DATA UNDER STUDY section start

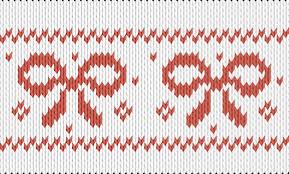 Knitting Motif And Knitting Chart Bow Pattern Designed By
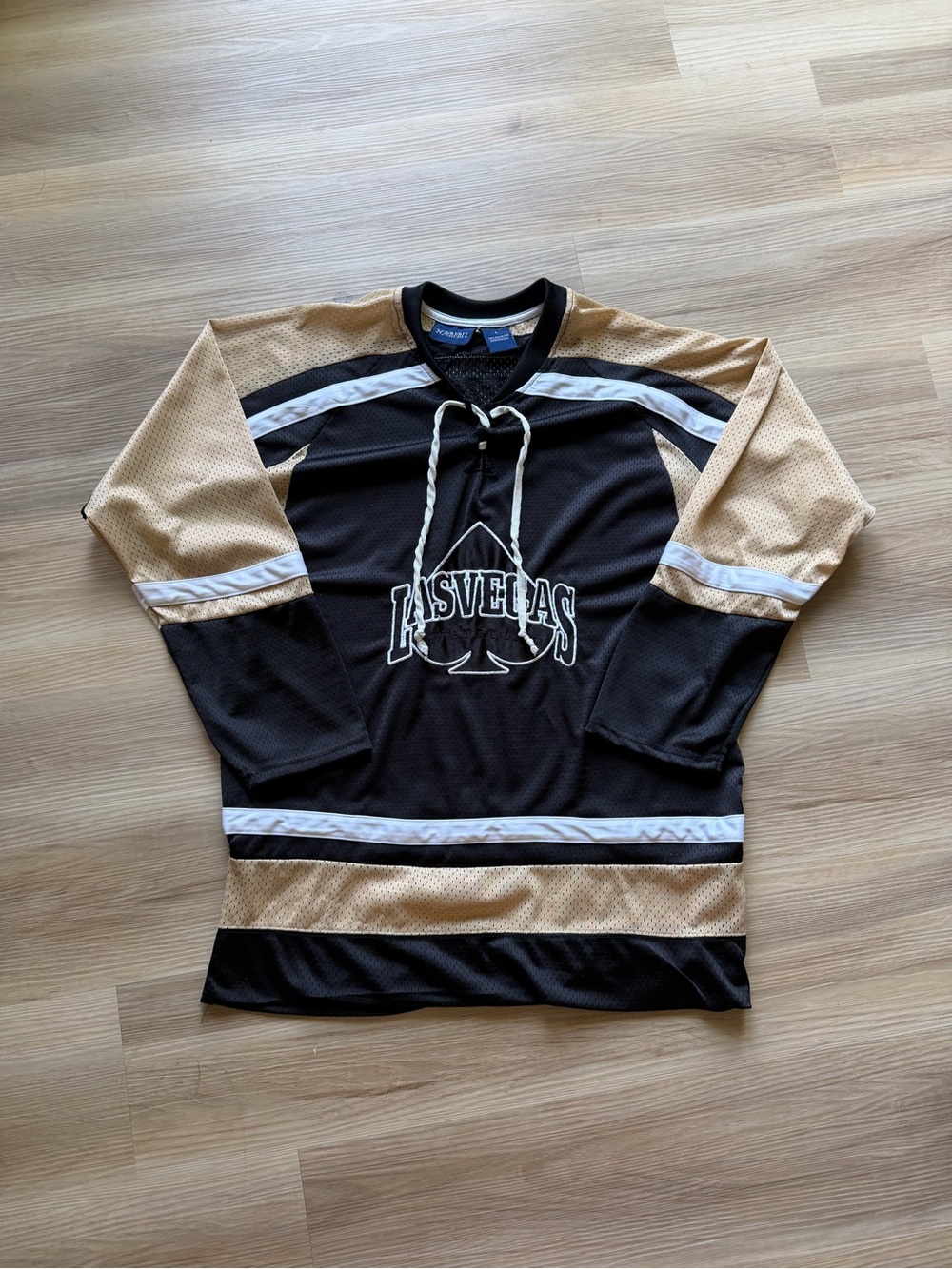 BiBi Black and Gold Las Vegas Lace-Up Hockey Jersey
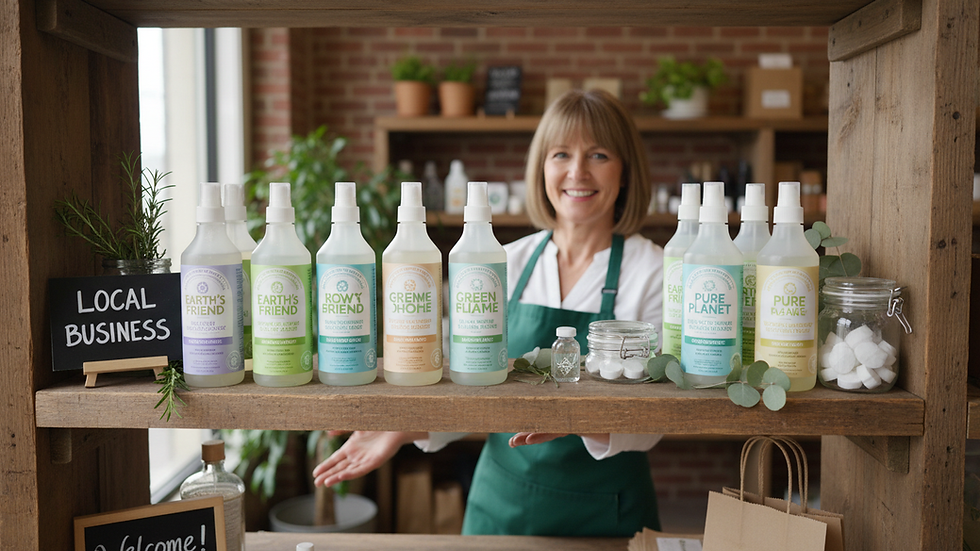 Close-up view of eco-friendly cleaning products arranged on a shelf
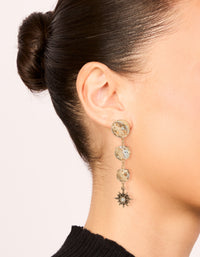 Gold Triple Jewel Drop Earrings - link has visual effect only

DATA UNDER STUDY section end
DATA UNDER STUDY section start

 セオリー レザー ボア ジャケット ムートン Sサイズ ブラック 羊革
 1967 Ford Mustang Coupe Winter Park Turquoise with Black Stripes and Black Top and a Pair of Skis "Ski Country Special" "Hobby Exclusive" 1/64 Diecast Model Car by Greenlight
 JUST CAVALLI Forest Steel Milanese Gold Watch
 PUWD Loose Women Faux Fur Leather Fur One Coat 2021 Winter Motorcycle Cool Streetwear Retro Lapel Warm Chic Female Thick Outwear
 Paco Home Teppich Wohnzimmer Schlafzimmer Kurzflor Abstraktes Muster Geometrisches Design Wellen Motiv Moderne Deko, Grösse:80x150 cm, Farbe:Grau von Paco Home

DATA UNDER STUDY section end

#### INSTRUCTIONS FOR THE TASK
Taking the records above, retype every line from the one with "1967 Ford Mustang" down to the one with "Paco Home Teppich", exactly and with nothing else.

#### RESPONSE TO THE TASK
 1967 Ford Mustang Coupe Winter Park Turquoise with Black Stripes and Black Top and a Pair of Skis "Ski Country Special" "Hobby Exclusive" 1/64 Diecast Model Car by Greenlight
 JUST CAVALLI Forest Steel Milanese Gold Watch
 PUWD Loose Women Faux Fur Leather Fur One Coat 2021 Winter Motorcycle Cool Streetwear Retro Lapel Warm Chic Female Thick Outwear
 Paco Home Teppich Wohnzimmer Schlafzimmer Kurzflor Abstraktes Muster Geometrisches Design Wellen Motiv Moderne Deko, Grösse:80x150 cm, Farbe:Grau von Paco Home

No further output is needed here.